When Autism meets ADHD. What exactly do we know about AuDHD?
AuDHD is an unofficial terminology coined to describe an individual as being both Autistic and ADHD.
In this post, we’ll discover the intricacies of the AuDHD brain, unpack the wonders of the AuDHD experience, and find out what we can do to support the needs of this unique AuDHD community in Singapore.
AuDHD = Autism + ADHD
The term AuDHD had only been in existence and gained traction, in the last decade or less. Before 2013, a dual diagnosis of both ASD and ADHD was deemed impermissible by medical standards.

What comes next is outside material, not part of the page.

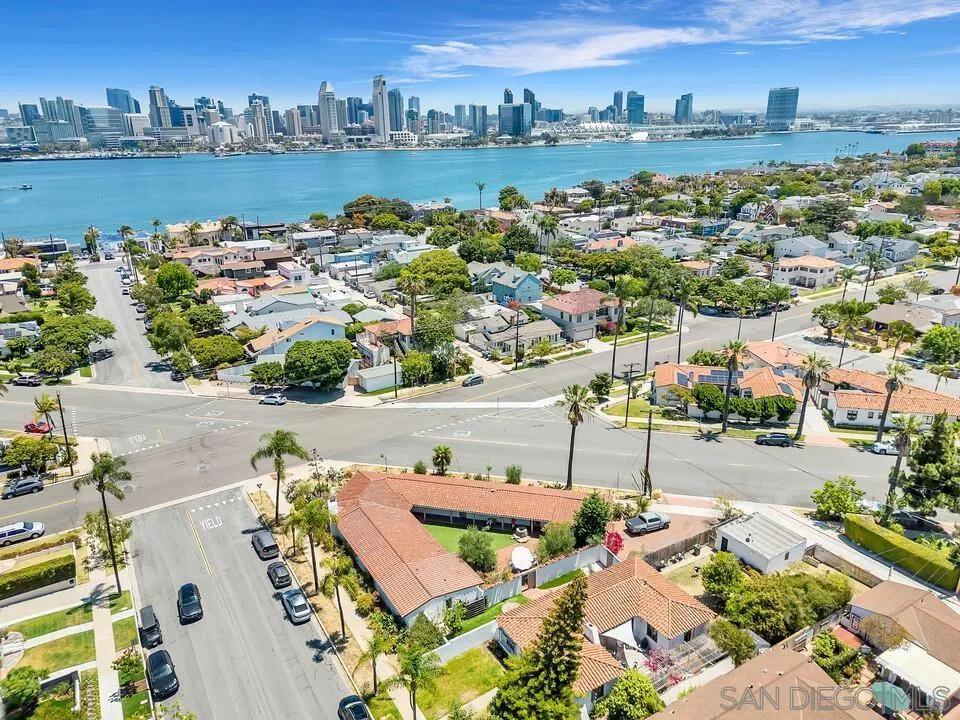 200 Palm Avenue Coronado, CA 92118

The 5th edition of the Diagnostics and Statistics Manual differentiates between Autism and ADHD:
Autism is characterised primarily by
Persistent deficits in social communication and interaction, and
Restricted and repetitive patterns of behaviour, interests, or activities;
ADHD’s core symptoms include
Hyperactivity and impulsivity
depending on the ADHD subtype.
But when it comes to AuDHD, the neurobiological differences and clinical manifestations of Autism and ADHD can no longer be discussed in silo. Both Autism and ADHD are neurodevelopmental conditions characterised by distinct differences in the individual’s brain structure and function; and in AuDHD, the brain simply looks like a unique mishmash of various Autism and ADHD features.
The AuDHD Experience
How common is it?
The prevalence of Autism and ADHD in Singapore stands at approximately 1% and 5% respectively. Conversely, research has shown that around 30-80% of people with Autism meet the diagnostic criteria for ADHD, and 20-50% of individuals with ADHD meet the diagnostic criteria for Autism.
As you might infer, it is not uncommon for a child to be diagnosed with both Autism and ADHD. And in fact, having ADHD lands you a much higher likelihood of being diagnosed with Autism, compared to someone without ADHD, vice versa!

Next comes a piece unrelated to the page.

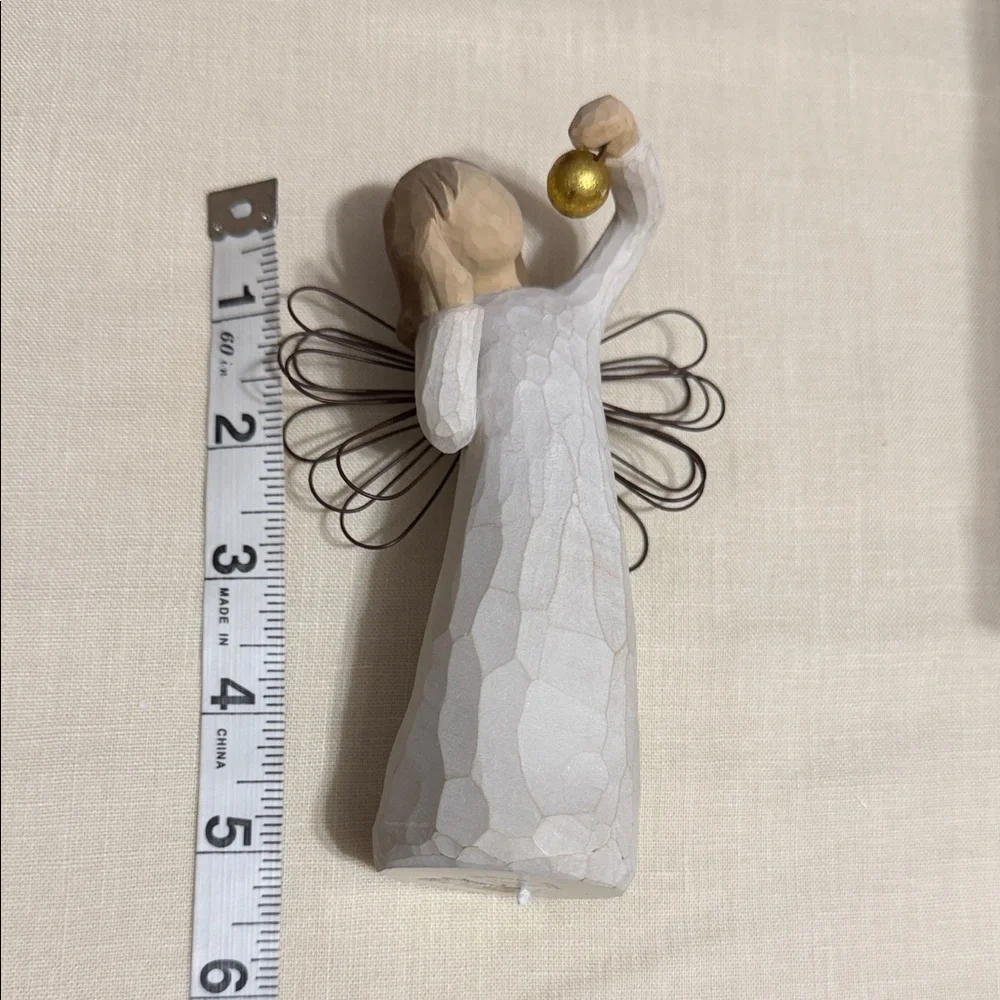 Willow Tree Angel of Wonder with Gold Sphere.  Box included.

Although ADHD and Autism are clinically distinct from one another, they share several observable traits such as attention deficit, behavioural problems, social difficulties, and struggles with executive function (planning, working memory, problem solving, self-control) and emotional regulation. In Singapore, Autism and ADHD are typically diagnosed in the early years, when some of these issues begin to surface and are flagged out by caregivers and educators.
As with Autism and ADHD, AuDHD manifests uniquely in every individual. However, the blurred lines of intersection between Autism and ADHD often lead to overlooked or misunderstood symptoms, posing significant challenges in the attempt to fit into either or both diagnostic criteria.
A Therapist’s Perspective
Many children walk into the doors of therapy centres and schools with a host of behavioural, social-emotional, or academic problems exacerbated by their dual diagnoses of both Autism and ADHD. According to research, individuals with AuDHD tend to have poorer outcomes compared to those with only either one or the other, thus it is of utmost importance to us to support their learning and developmental needs.
What is unique about AuDHD is how trait symptoms sometimes interact and manifest in idiosyncratic behaviours.
ADHD and Autism trait interactions can AMPLIFY certain dysfunctions (e.g., ADHD sensory processing difficulties collide with the sensory sensitivities of Autism, leading to sensory overstimulation in those with AuDHD)
Opposing traits of ADHD and Autism may also interact and BALANCE each other (e.g., Autistic preference for structure and routine supports the ADHD struggle with organisation and initiation of tasks)
Take the Next Step with Us!
The unique combinations of traits of Autism and ADHD must be addressed when implementing treatment, and remediation strategies need to be more nuanced, individualised, and tailored to every individual’s unique needs.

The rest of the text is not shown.